[Items from a data source]
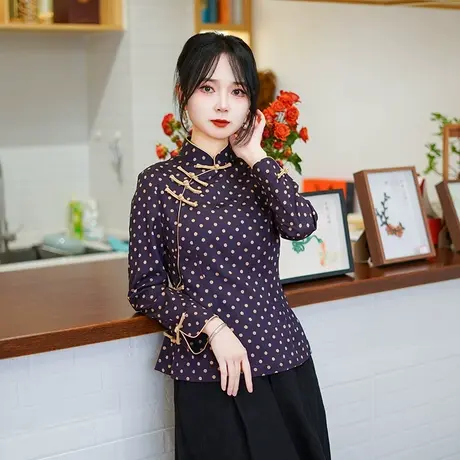 筠雅春季新款新中式复古显瘦旗袍式上衣时尚气质唐装上衣女25J048商品大图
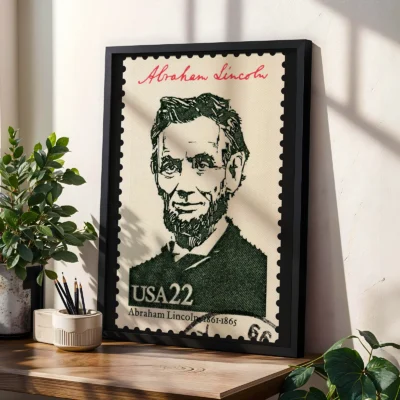Abraham Lincoln poster vintage stamp artwork
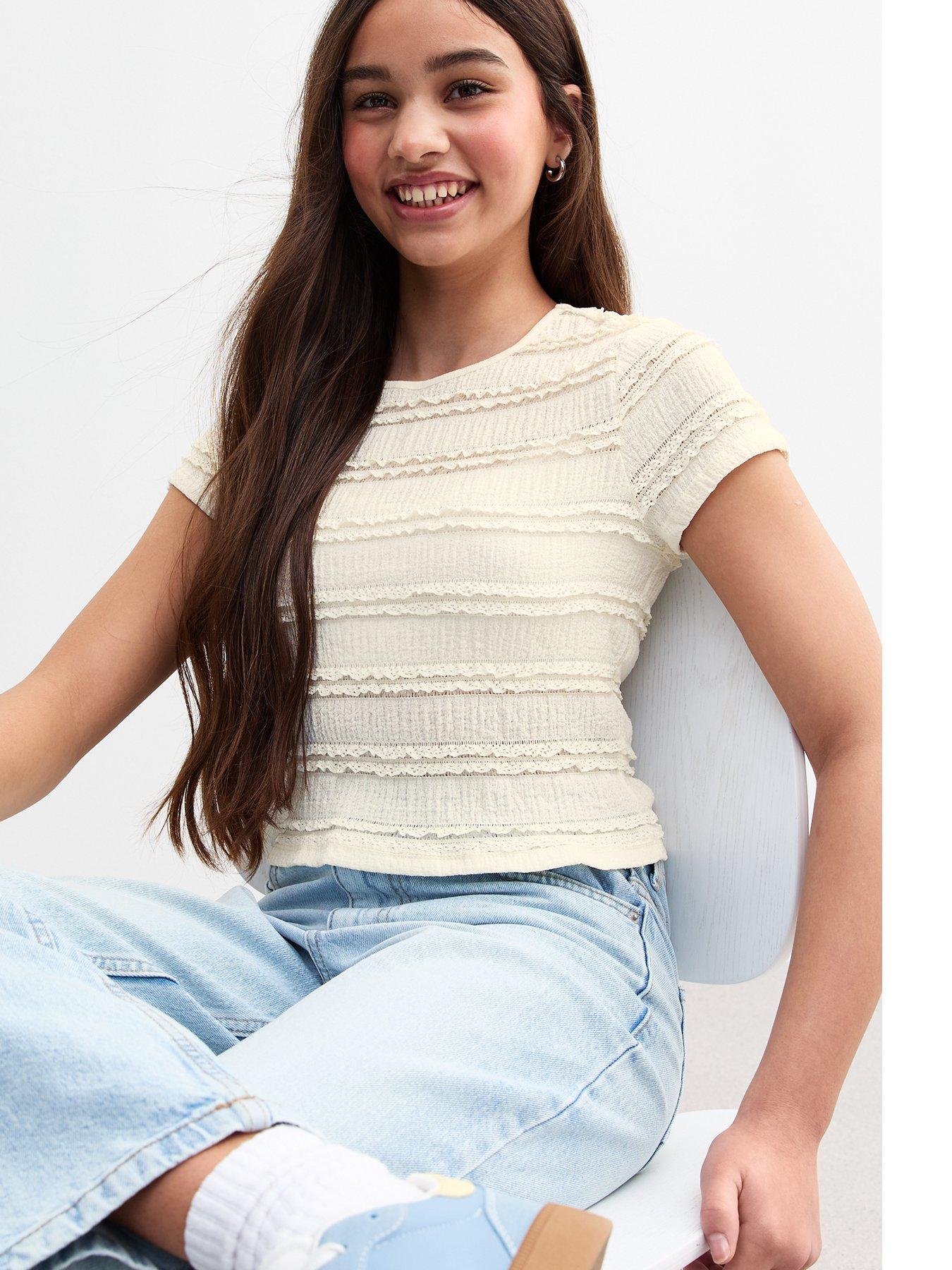 undefined Girls Off White Ruffle Lace T-Shirt - Cream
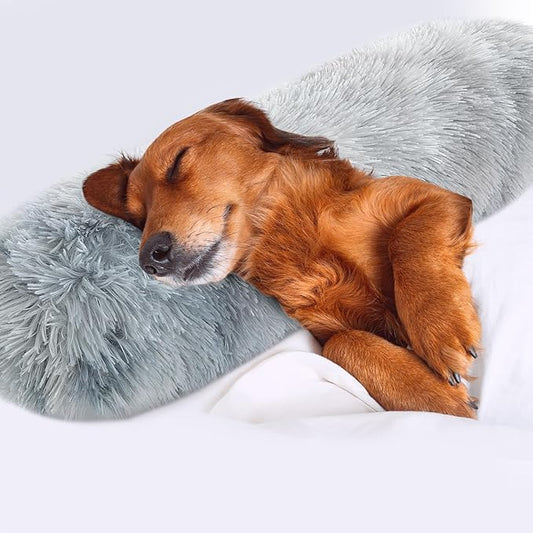 HOMBYS Dog Claming Pillow for Large and Medium Dogs, Soft Faux Fur Dog Neck Pillow Improve Anxiety Relief, Machine Washable Pet Pillow for Dogs & Cats, Pet Calming Toy (Tie-Dye, 25"x8"x4")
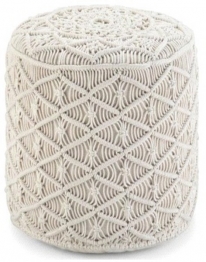 Πουφ Macrame Βαμβακερό 40x40x40εκ. Natural Komvos Home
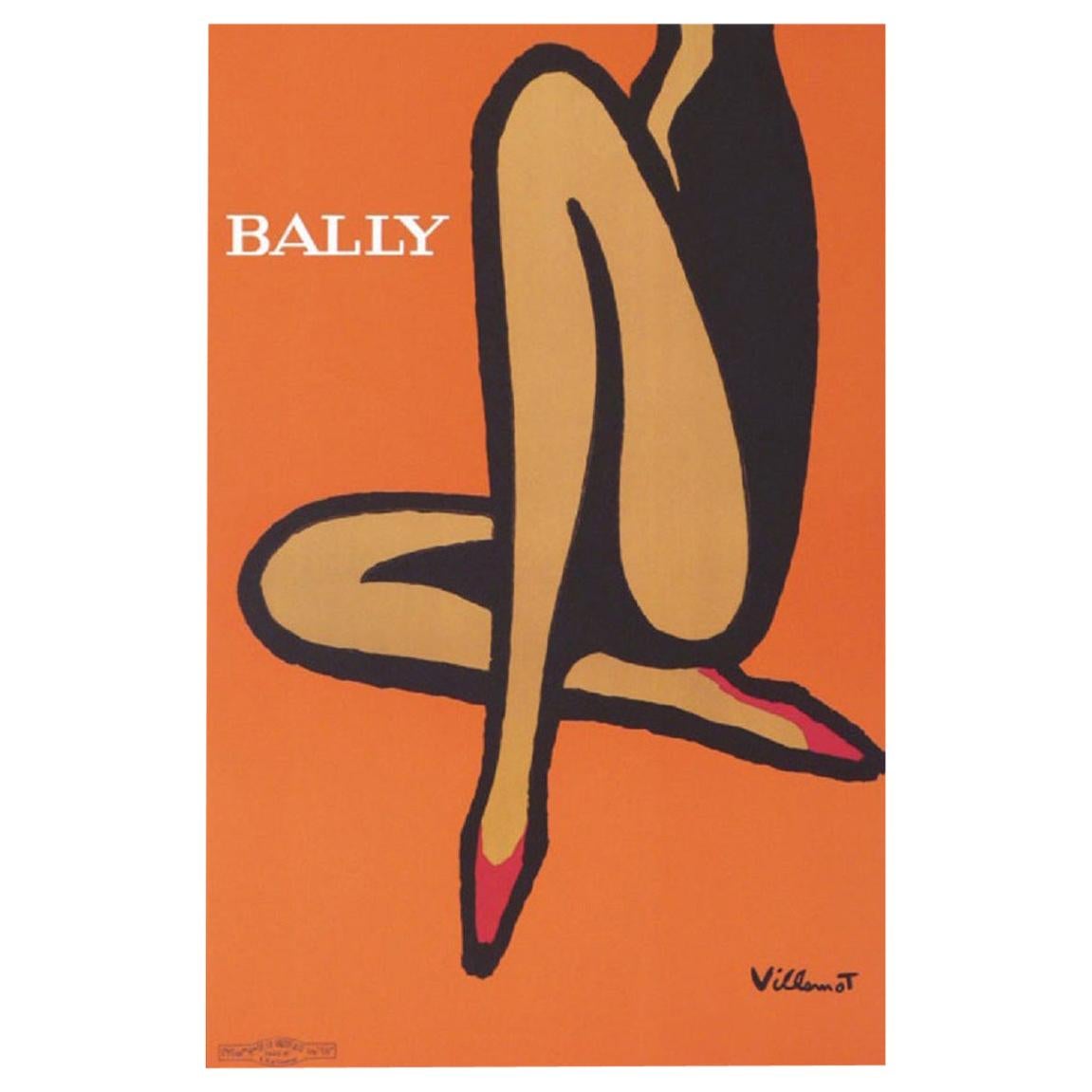 Bally Orange Small, Villemot 1967 Original Vintage Poster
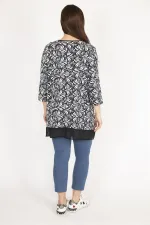 Kadın Lacivert Büyük Beden Etek Ucu Şifon Garnili Tunik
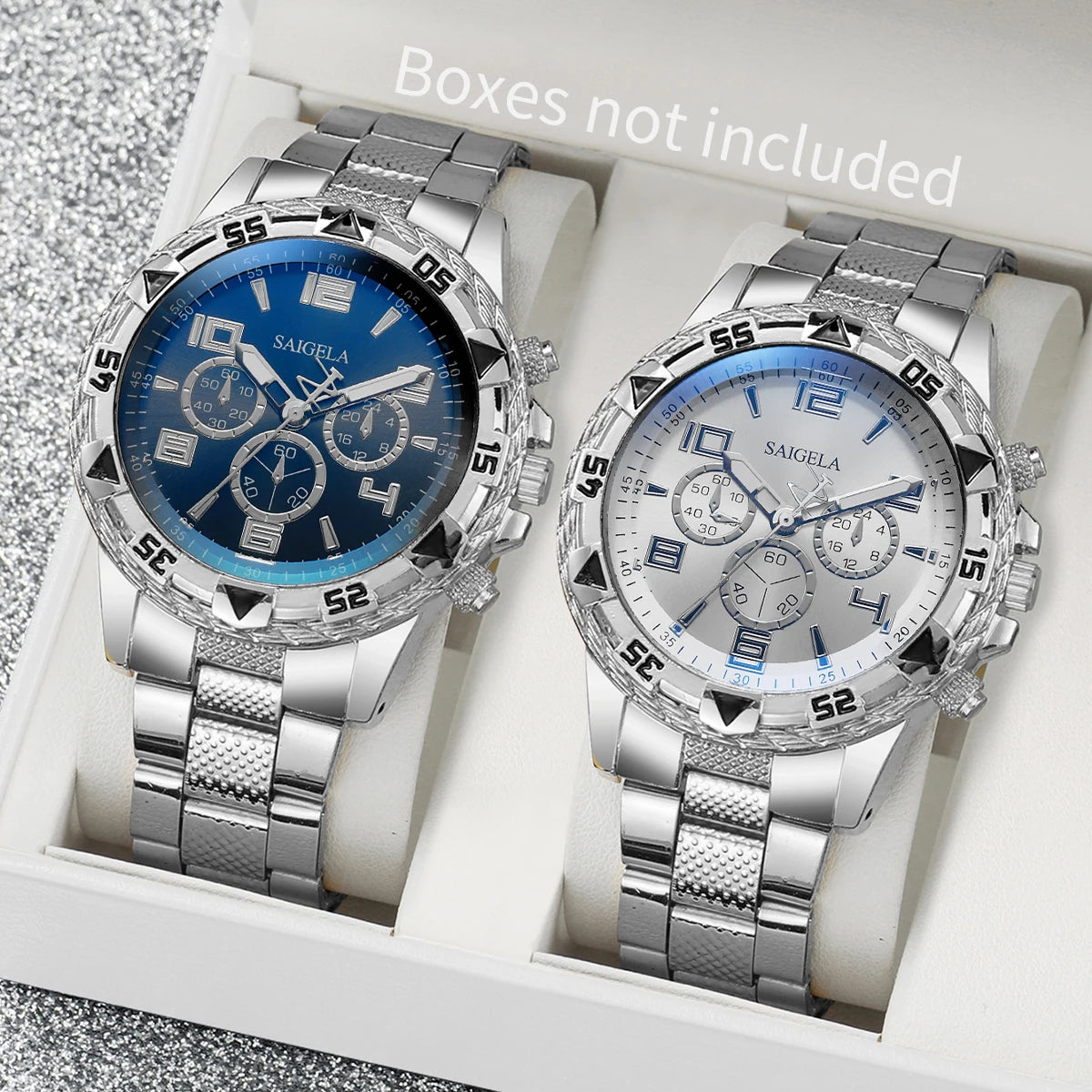 Conjunto com 2 Relógios Masculinos – Estilo Executivo, Pulseira de Aço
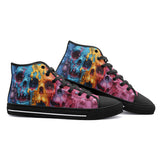 High-Top Canvas Shoes Colorful Melting Skulls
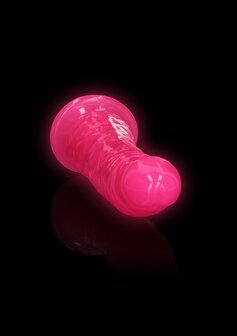 Slim Dildo Suction Cup - GitD - 6&#039;&#039; / 15,5 cm - Neon Pink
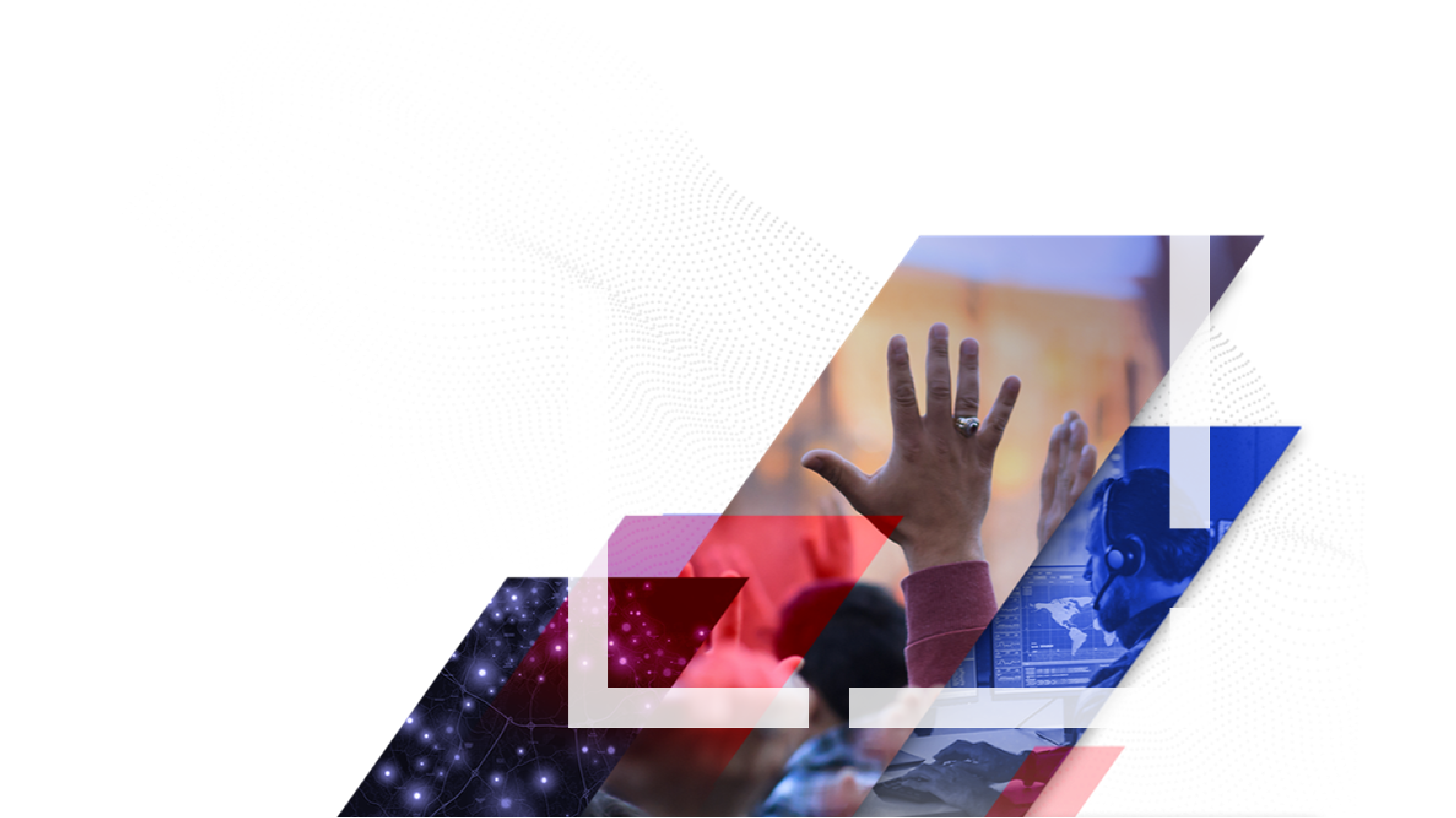 A group of people with hands upraised as if to vote, alongside an image of a row of occupied voting booths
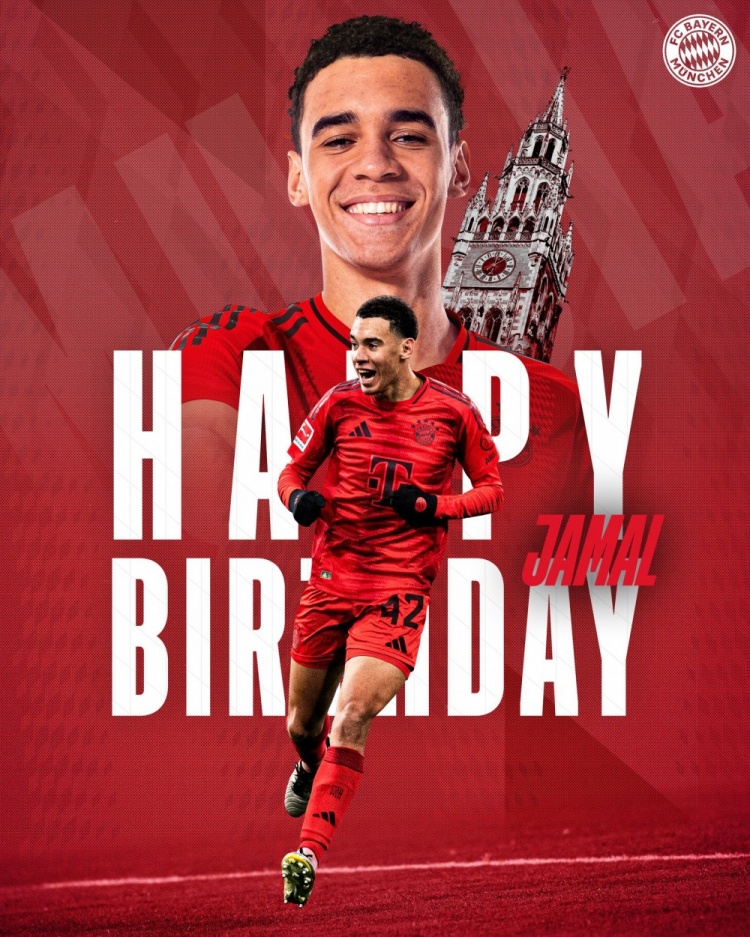  拜仁官方祝穆西亞拉22歲生日快樂，加盟至今出戰(zhàn)196次獲59球38助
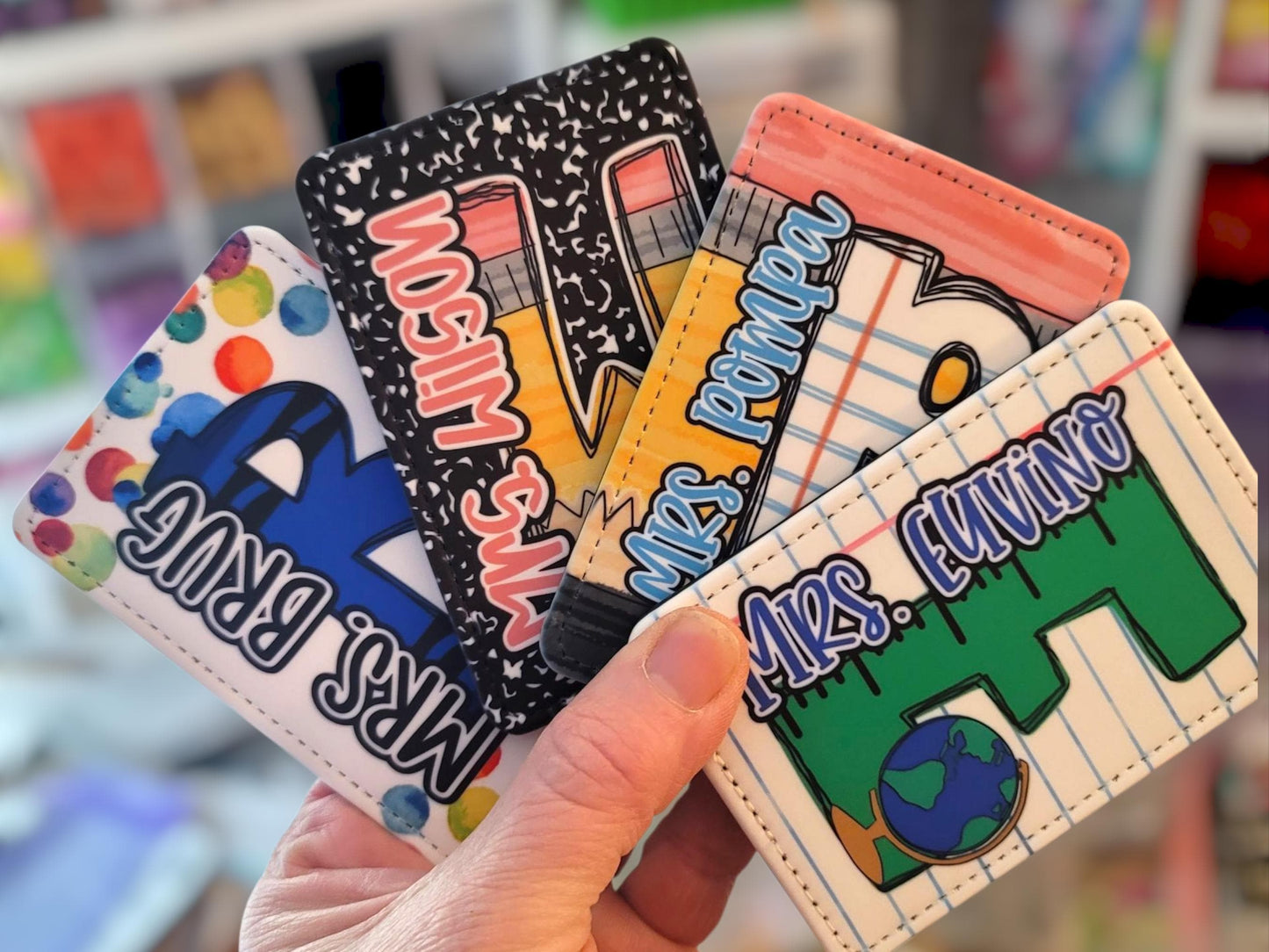 Personalized Teacher ID Badge Holder – Durable PU Leather Vertical Card Case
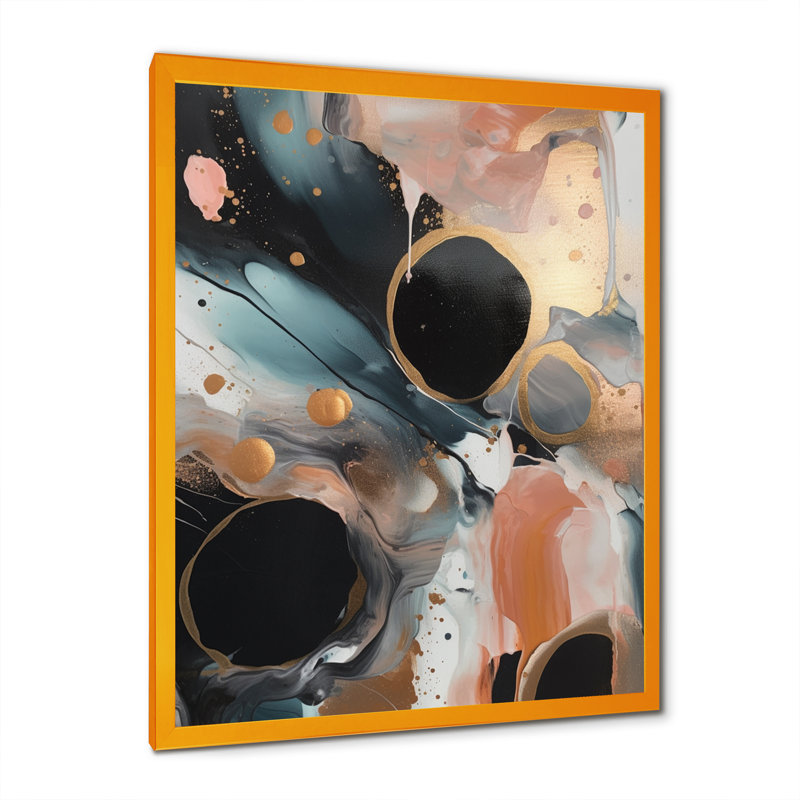 Reproduction d'art sur toile en marbre noir et or marbré, H 32 po x l 24 po x P 1 po, Impression dorée sur toile encadrée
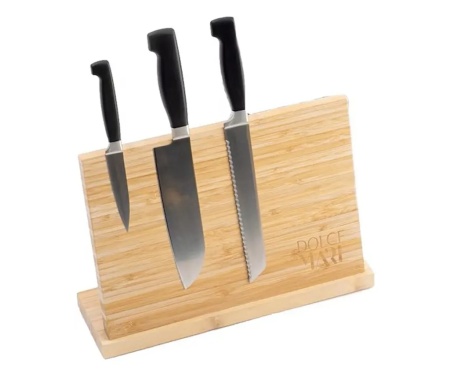 Suport magnetic pentru cutite, Dolce Mare, doua fete din bambus, XXL, 35 x 25x11 cm, Resigilat, Grad A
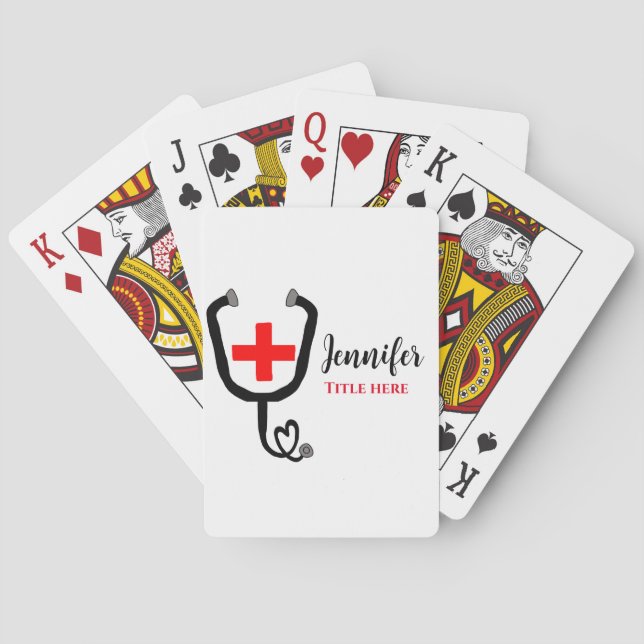 Jeu De Cartes Infirmière médecin rouge plus stéthoscope ajouter  (dos)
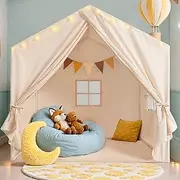 Kids Play Tent, Large Kids Playhouse with String Lights and Flag Garland, Bed Tent with 2 Windows, Machine Washable Reading Nook, Indoor & Outdoor, JoyHut Cove for Girls & Boys, 52x35x51 in, Beige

EXERCISE INSTRUCTIONS - Please print the lines above word for word, starting at the one with "Slim Dildo Suction" and ending at the one with "Reproduction d'art sur", both included, and without any picture.

SOLUTION -
 Slim Dildo Suction Cup - GitD - 6&#039;&#039; / 15,5 cm - Neon Pink
 A group of people with hands upraised as if to vote, alongside an image of a row of occupied voting booths
  拜仁官方祝穆西亞拉22歲生日快樂，加盟至今出戰(zhàn)196次獲59球38助
 Personalized Teacher ID Badge Holder – Durable PU Leather Vertical Card Case
 Reproduction d'art sur toile en marbre noir et or marbré, H 32 po x l 24 po x P 1 po, Impression dorée sur toile encadrée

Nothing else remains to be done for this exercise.